NovelEssay.com Programming Blog

Exploration of Big Data, Machine Learning, Natural Language Processing, and other fun problems.

Text Extraction using C# .Net and Apache Tika


You want to using C# to extract text from documents and web pages. You want it to have high quality and be free. Try the .Net wrapper to the Apache Tika library!


Let's build a sample app and show the use case. First step, start a C# console application with Visual Studio. Use the Nuget package manager and install the TikaOnDotNet.TextExtractor packages.



Then, try this sample code. It shows an example of text extraction examples for a file, Url, and byte array sources.

using System;
using System.Collections.Generic;
using System.Linq;
using System.Text;
using System.Threading.Tasks;
using TikaOnDotNet.TextExtraction;

namespace TikaTest
{
    class Program
    {
        static void Main(string[] args)
        {

            TextExtractor textExtractor = new TextExtractor();

            // Fun Utf8 strings found here: http://www.columbia.edu/~fdc/utf8/
            string utf8InputString = @"It's a small village in eastern Lower Saxony. The ""oe"" in this case turns out to be the Lower Saxon ""lengthening e""(Dehnungs-e), which makes the previous vowel long (used in a number of Lower Saxon place names such as Soest and Itzehoe), not the ""e"" that indicates umlaut of the preceding vowel.
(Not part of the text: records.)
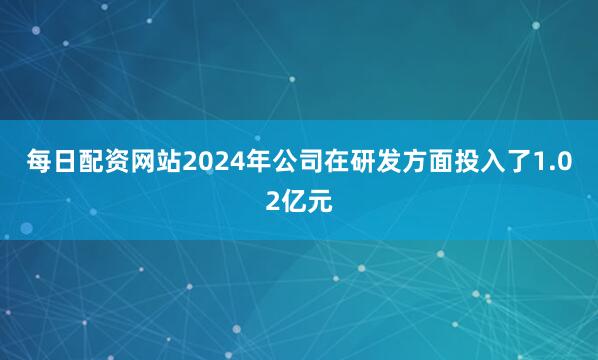 每日配资网站2024年公司在研发方面投入了1.02亿元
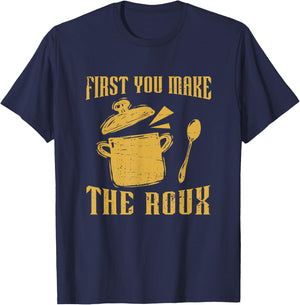 First You Make A Roux Retro Gumbo Pot For A Cajun Food Lover T-Shirt - T-Shirt | Navy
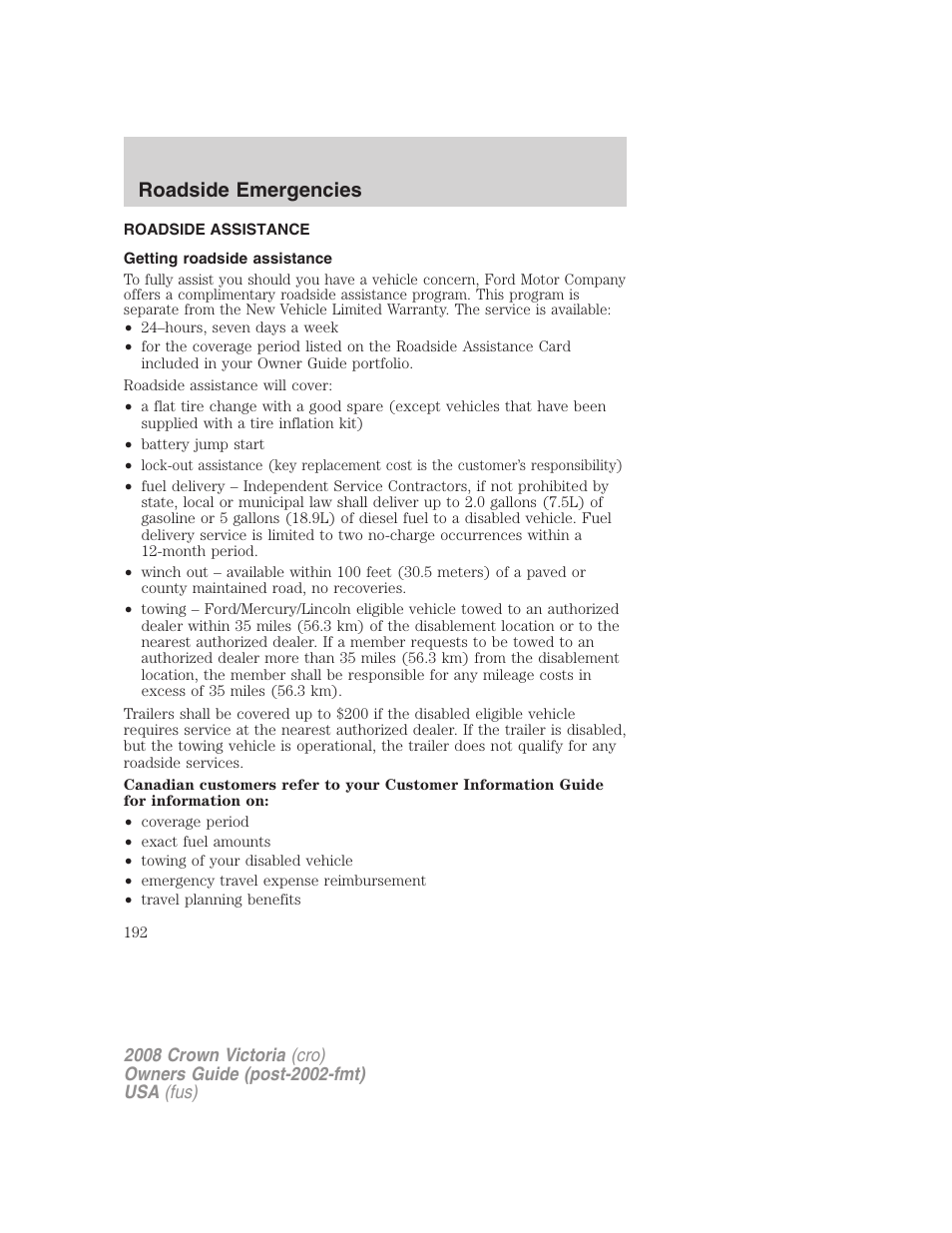 Roadside emergencies, Roadside assistance, Getting roadside assistance | FORD 2008 Crown Victoria User Manual | Page 192 / 280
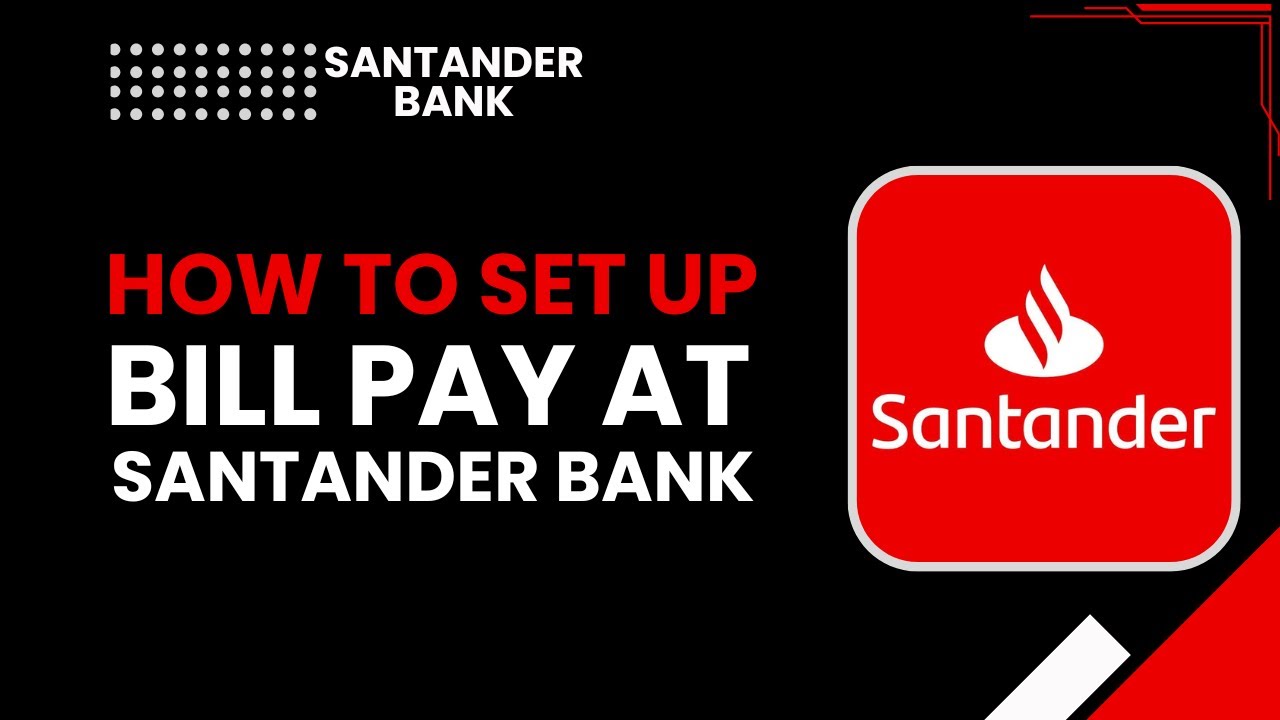 How to Set Up Bill Pay at Santander Bank | Pay Bills Online Step-by-Step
Many thanks to the Óechtringen-Namenschreibungsuntersuchungskomitee (Alex Bochannek, Manfred Erren, Asmus Freytag, Christoph Päper, plus Werner Lemberg who serves as Óechtringen-Namenschreibungsuntersuchungskomiteerechtschreibungsprüfer) for their relentless pursuit of the facts in this case. Conclusion: the accent almost certainly does not belong on this (or any other native German) word, but neither can it be dismissed as dirt on the page. To add to the mystery, it has been reported that other copies of the same edition of the PLZB do not show the accent! UPDATE (March 2006): David Krings was intrigued enough by this report to contact the mayor of Ebstorf, of which Oechtringen is a borough, who responded:";
            // Convert string to byte array
            byte[] byteArrayInput = Encoding.UTF8.GetBytes(utf8InputString);
            // Text Extraction Example for Byte Array
            TextExtractionResult result = textExtractor.Extract(byteArrayInput);
            Console.WriteLine(result.Text);

            // Text Extraction Example for Uri:
            result = textExtractor.Extract(new Uri("http://blog.novelessay.com"));
            Console.WriteLine(result.Text);

            // Text Extraction Example for File
            result = textExtractor.Extract(@"c:\myPdf.pdf");
            Console.WriteLine(result.Text);

            // Note that result also has metadata collection and content type attributes
            //result.Metadata
            //result.ContentType
        }
    }
}

Notice that the TextExtractionResult has a Metadata collection and also a content type attribute. Here's an example of the metadata provided along with the extracted text. It contains many things including author, dates, keywords, title, and description.


      

I've been very pleased with Tika's quality and ability to handle many different file types. I hope you try it out and enjoy it too.